En Argentina, la campaña de granos finos (otoño-invierno) liderada por el trigo y la cebada— se define por una gestión estratégica de los recursos limitados. A diferencia de la campaña de verano, aquí el éxito depende de lo que el suelo ya tiene «en el banco» al momento de la siembra.

Frente al déficit nutricional de los suelos, el INTA Oliveros (Santa Fe) subraya la importancia de optimizar el manejo para la próxima campaña fina. Las claves para mantener la productividad radican en la rotación de cultivos, una fertilización adecuada y el diagnóstico preciso del suelo.

Fernando Salvagiotti, referente del INTA, destaca que el punto de partida debe ser la medición del agua almacenada en el perfil. Esta evaluación permite decidir qué sembrar y cuándo hacerlo, un factor crítico en zonas donde el rendimiento depende de la reserva hídrica inicial ante la escasez de lluvias invernales.

En sintonía con la planificación, la fertilización se vuelve un factor clave. Fernando Salvagiotti advierte sobre las deficiencias actuales en el manejo nutricional, especialmente respecto al nitrógeno. Para revertir esto, recomienda realizar análisis de suelo (idealmente hasta los 60 cm) entre mayo y junio. Este diagnóstico previo a la siembra es vital para calcular la disponibilidad de nitratos y precisar la dosis necesaria.

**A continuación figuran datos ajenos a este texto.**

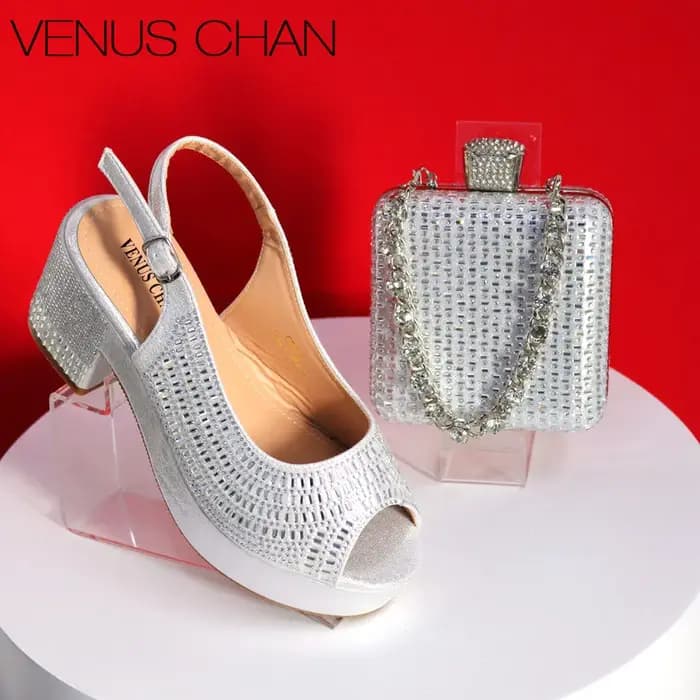 Ensemble de chaussures de mariage à talons hauts pour femmes
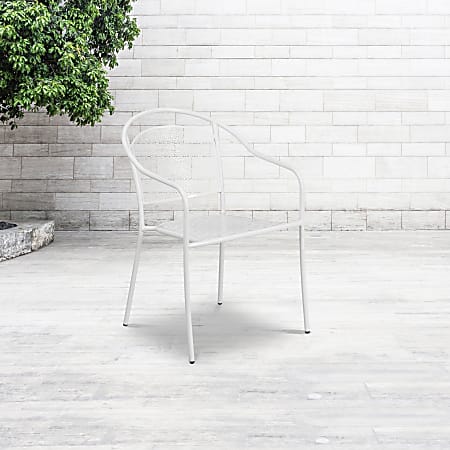Flash Furniture Oia Indoor/Outdoor Steel Patio Armchair with Round Back, White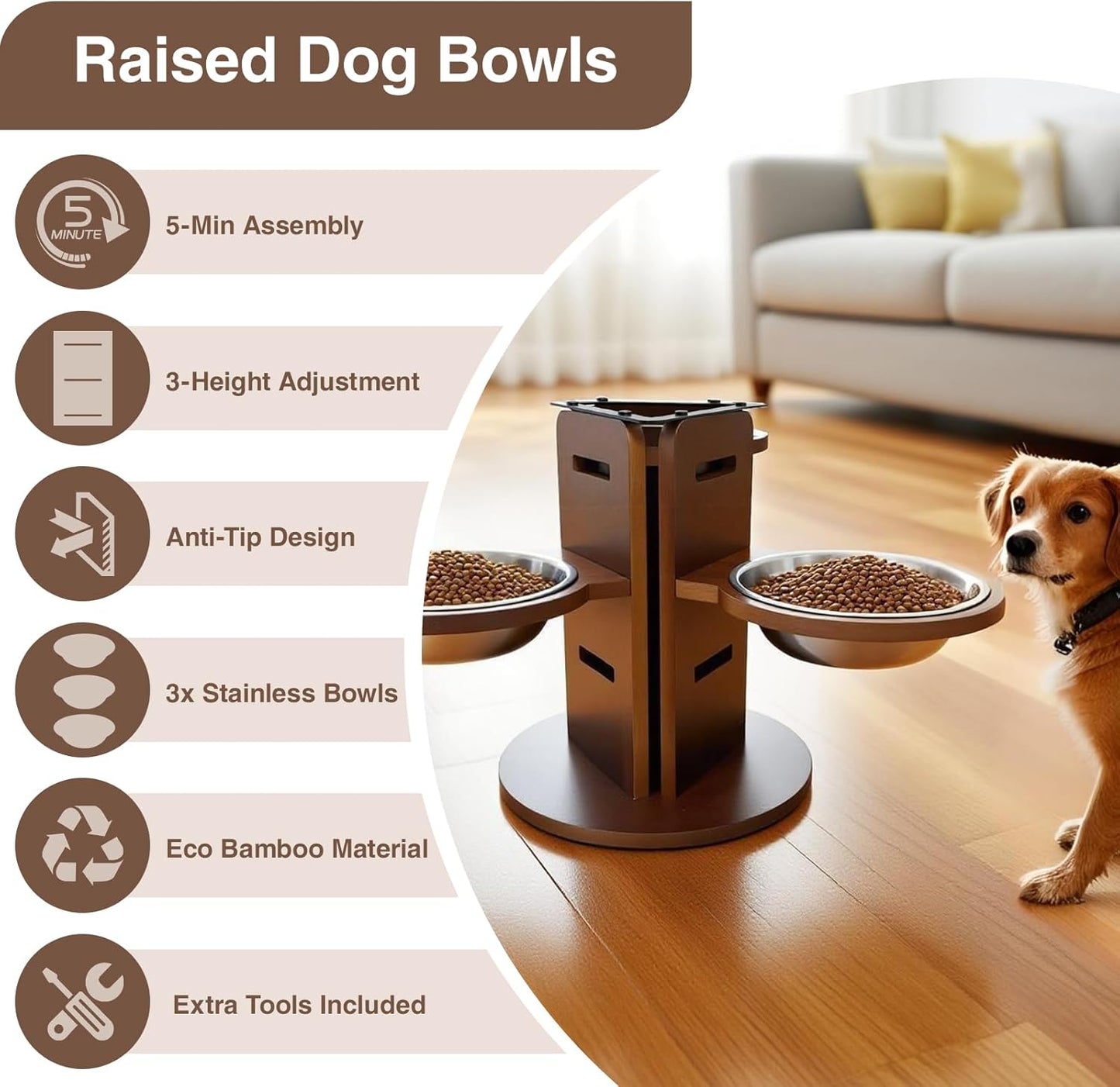 Adjustable Elevated Dog Bowl Stand (3.6"/6.3"/9.2") with 3 Stainless Steel Bowls, 3 in 1 Bamboo Raised Dog Bowls Pet Feeding Station for Cats/Small/Medium Dogs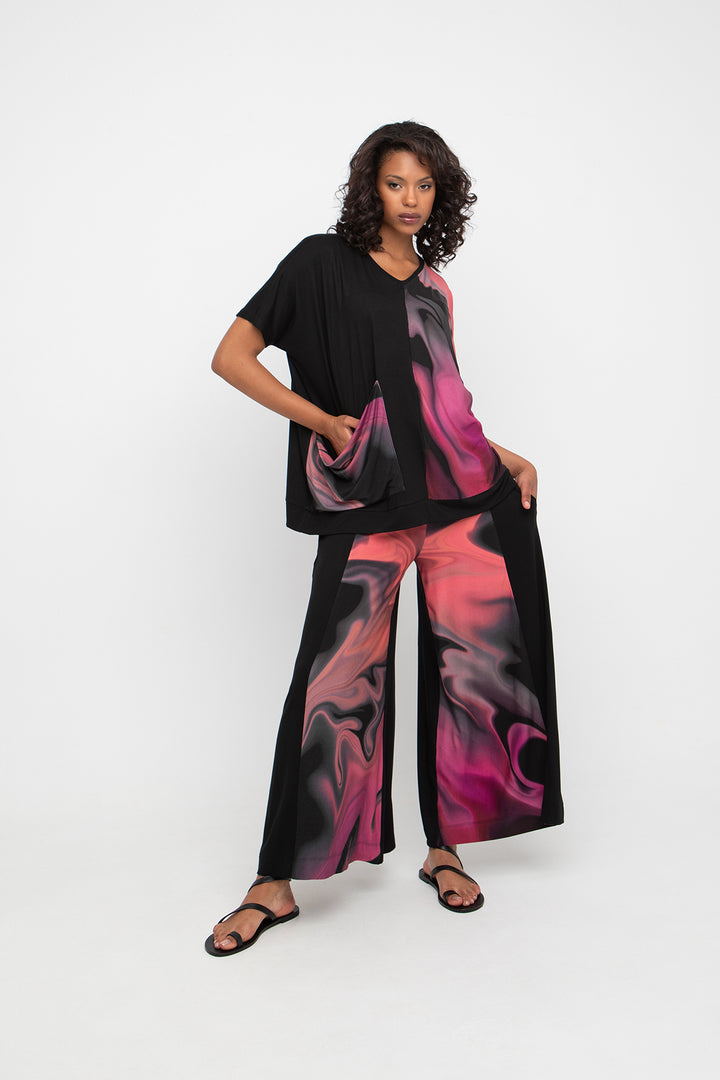 Ozai N Ku Blacklight Pocket Tee, Rose Swirl FINAL SALE ITEM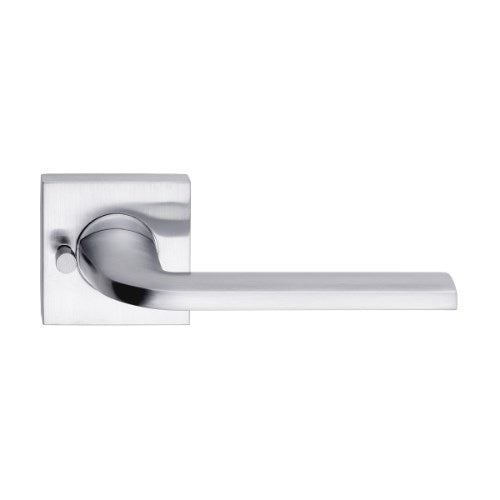 MDZ Lever 01 on Integrated Privacy 57mm x 57mm Square Rose. in Polished Chrome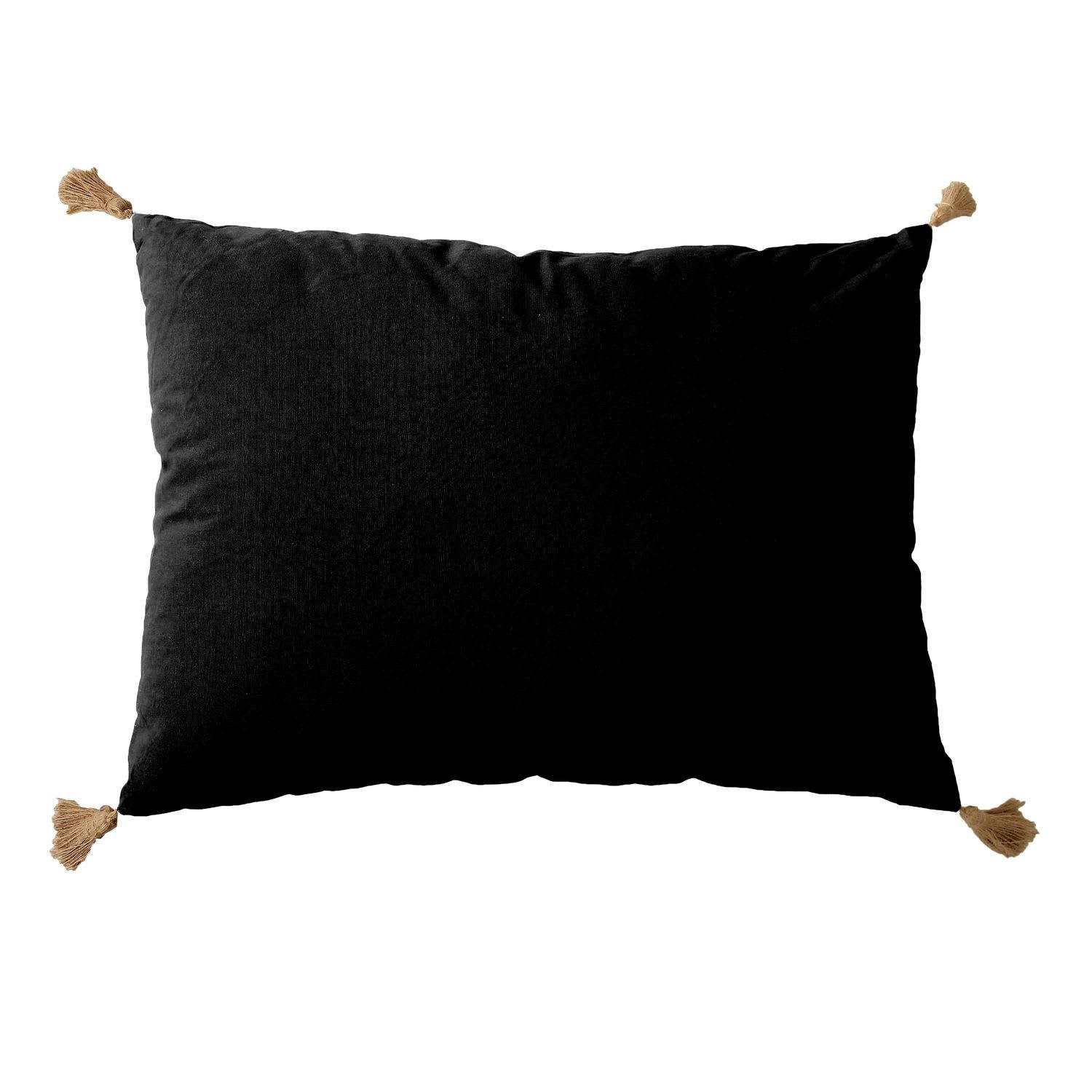 PANAMA - Coussin avec pompons en jute coton noir 70x50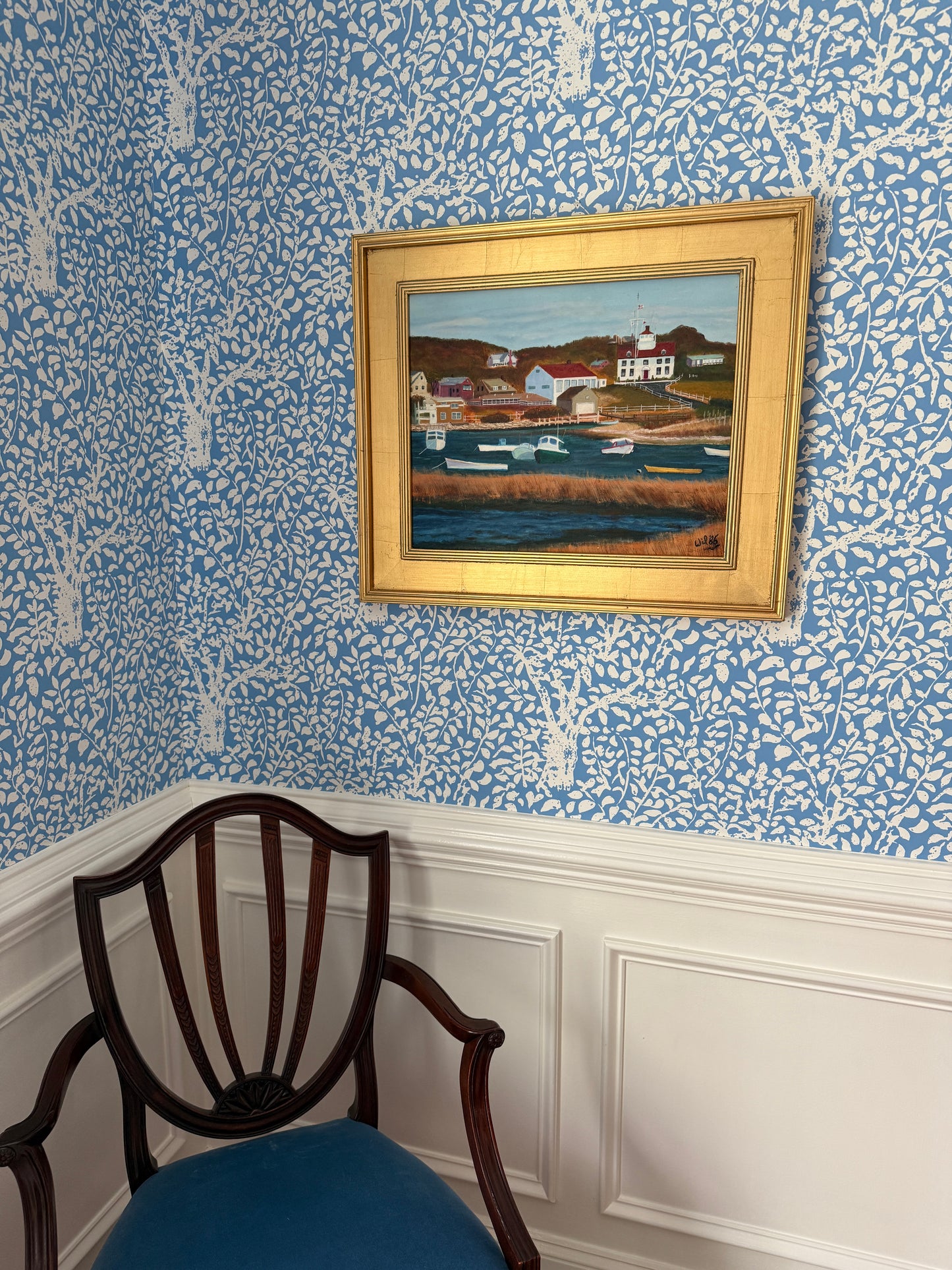 Vintage Martha's Vineyard Menemsha Harbor View Folk Painting in Gold Frame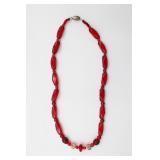 Signed Czechoslovakia Beaded Ruby Glass Necklace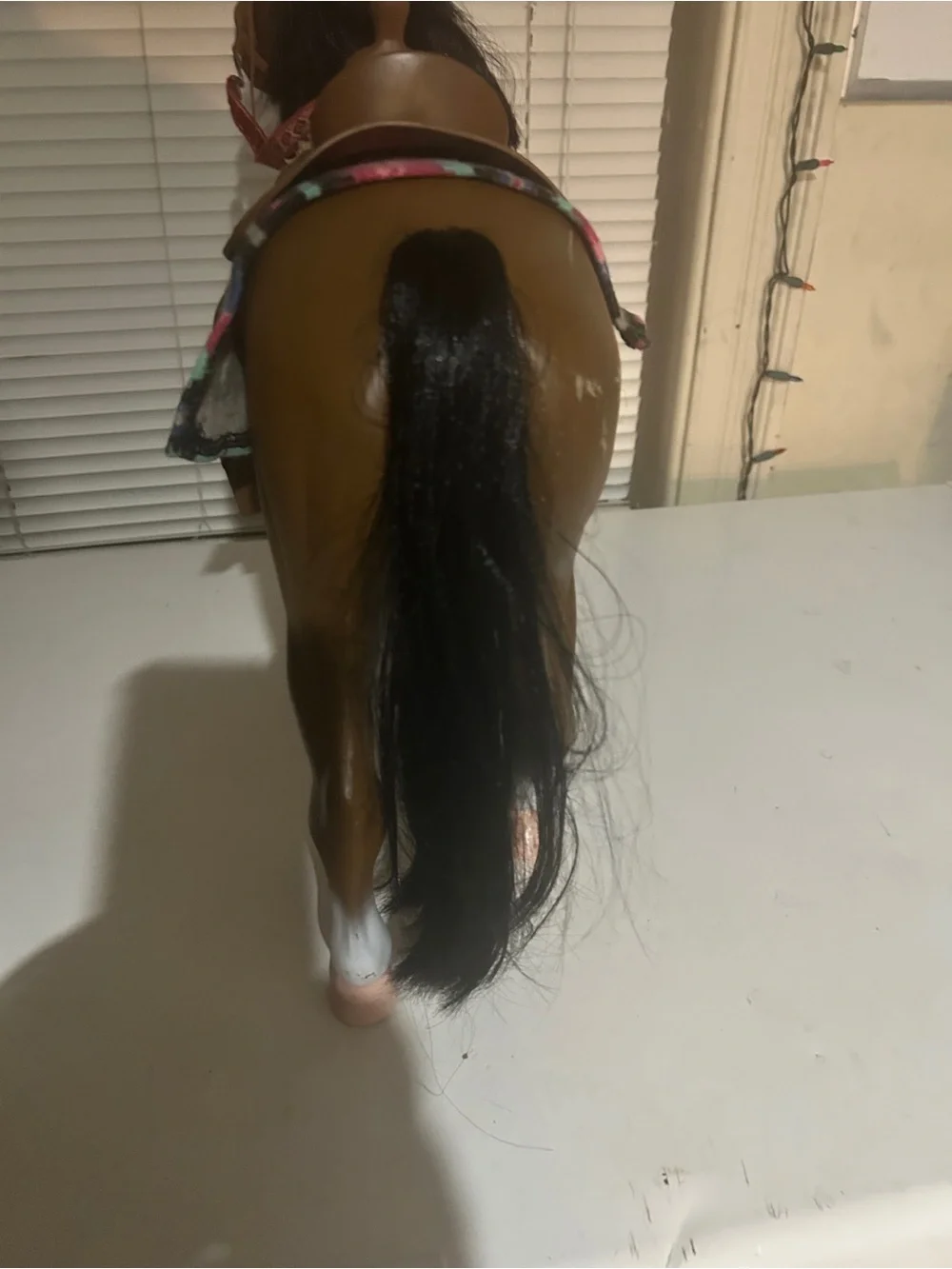 American Girl Brown Horse with Pink Saddle and Black Mane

Bajo este escenario, fraccionar la fertilización nitrogenada aparece como una táctica inteligente. Esta modalidad, sumada a una elección correcta de la fuente, ofrece flexibilidad tanto para el desarrollo del cultivo como para el bolsillo del productor. Asimismo, el especialista remarca que no hay que perder de vista el fósforo y el azufre, pensando siempre en la rotación completa: “No debemos fertilizar solo para el trigo; descuidar el segundo cultivo del esquema de doble propósito limita el potencial productivo global”.

La planificación de esquemas de doble cultivo (trigo/soja o trigo/maíz) requiere un enfoque integral de la rotación. Es fundamental que la fertilización se diseñe en función del sistema completo y no solo del primer cultivo, evitando así desajustes nutricionales. Asimismo, dada la dependencia del trigo respecto a la reserva hídrica inicial en la región pampeana, se aconseja monitorear la humedad del suelo hasta los dos metros de profundidad para diagnosticar la recarga del perfil y anticipar el rendimiento.